Equity volatility offers another clear window into regime behaviour. The VIX and its European counterpart, the V2X, tend to remain compressed for long periods during risk-on environments, reflecting stability, strong liquidity, and confidence in forward earnings. Risk-off regimes, in contrast, are marked by sharp volatility spikes as markets rapidly reprice uncertainty. Episodes such as the COVID crash, the 2022 inflation shock, the SVB panic, and the recent tariff-driven volatility cycle each produced abrupt surges in implied volatility, followed by extended normalisation. These shifts make volatility indices particularly effective for highlighting regime breaks: they respond quickly, capture changes in sentiment, and often turn before broader equity indices. The chart below illustrates how VIX and V2X have evolved across recent market regimes, with volatility clustering around major macro shocks and stabilising in periods of renewed risk appetite.

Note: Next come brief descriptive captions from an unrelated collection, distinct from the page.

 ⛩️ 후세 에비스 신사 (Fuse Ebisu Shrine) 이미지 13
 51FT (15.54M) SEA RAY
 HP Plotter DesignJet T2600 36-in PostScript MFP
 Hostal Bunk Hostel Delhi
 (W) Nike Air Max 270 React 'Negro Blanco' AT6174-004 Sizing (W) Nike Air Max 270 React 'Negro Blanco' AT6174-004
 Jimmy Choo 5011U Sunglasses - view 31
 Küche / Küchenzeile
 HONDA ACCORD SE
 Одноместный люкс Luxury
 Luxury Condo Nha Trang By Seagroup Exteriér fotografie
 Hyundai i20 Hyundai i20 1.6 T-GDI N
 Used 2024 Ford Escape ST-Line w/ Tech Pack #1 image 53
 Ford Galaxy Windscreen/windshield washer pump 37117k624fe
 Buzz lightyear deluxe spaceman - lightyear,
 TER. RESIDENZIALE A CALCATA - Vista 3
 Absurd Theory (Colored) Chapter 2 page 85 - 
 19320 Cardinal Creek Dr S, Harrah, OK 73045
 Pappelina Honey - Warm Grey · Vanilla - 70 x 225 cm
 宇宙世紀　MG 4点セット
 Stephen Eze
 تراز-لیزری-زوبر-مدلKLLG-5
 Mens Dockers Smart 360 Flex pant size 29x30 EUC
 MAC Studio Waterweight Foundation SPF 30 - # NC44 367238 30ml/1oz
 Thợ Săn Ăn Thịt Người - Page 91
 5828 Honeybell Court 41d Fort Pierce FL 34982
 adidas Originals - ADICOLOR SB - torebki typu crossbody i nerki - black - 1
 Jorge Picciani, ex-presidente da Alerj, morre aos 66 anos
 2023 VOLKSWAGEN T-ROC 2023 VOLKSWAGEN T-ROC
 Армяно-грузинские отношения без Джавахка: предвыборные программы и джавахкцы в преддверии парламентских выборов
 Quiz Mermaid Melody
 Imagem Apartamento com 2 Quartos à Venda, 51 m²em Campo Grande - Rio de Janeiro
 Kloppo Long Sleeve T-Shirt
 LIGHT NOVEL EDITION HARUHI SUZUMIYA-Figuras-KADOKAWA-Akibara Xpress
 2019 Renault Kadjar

This raises a natural question: rather than labelling such episodes as “risk-off regimes” only in hindsight, can we build a model that statistically infers adverse market conditions directly from observable variables? In other words, can regime-identification models systematically detect shifts in market behaviour at the time they occur, without relying on ex-post classification?


2. Literature Review


The concept of regime-switching was introduced by Hamilton (1989), with the Markov regime-switching model to explain cyclical changes in macroeconomic and financial time series. His framework formalised the idea that asset returns follow distinct processes across hidden market states, such as expansions and recessions. Later studies, including Bulla et al. (2011) and Nystrup et al. (2015, 2020b), extended these models into investment strategy design, using regime signals from Hidden Markov Models to time exposure between risky and risk-free assets and emphasising the importance of regime persistence, not changing erratically in response to short-term fluctuations. A major methodological advance came from Bemporad et al. (2018), who introduced the Statistical Jump Model (JM), which penalises excessive regime switching to yield more stable, persistent signals. Shu, Yu, and Mulvey (2024) further adapted this framework to dynamic portfolio management, demonstrating that JM-guided strategies outperform traditional approaches by reducing downside risk and improving risk-adjusted returns.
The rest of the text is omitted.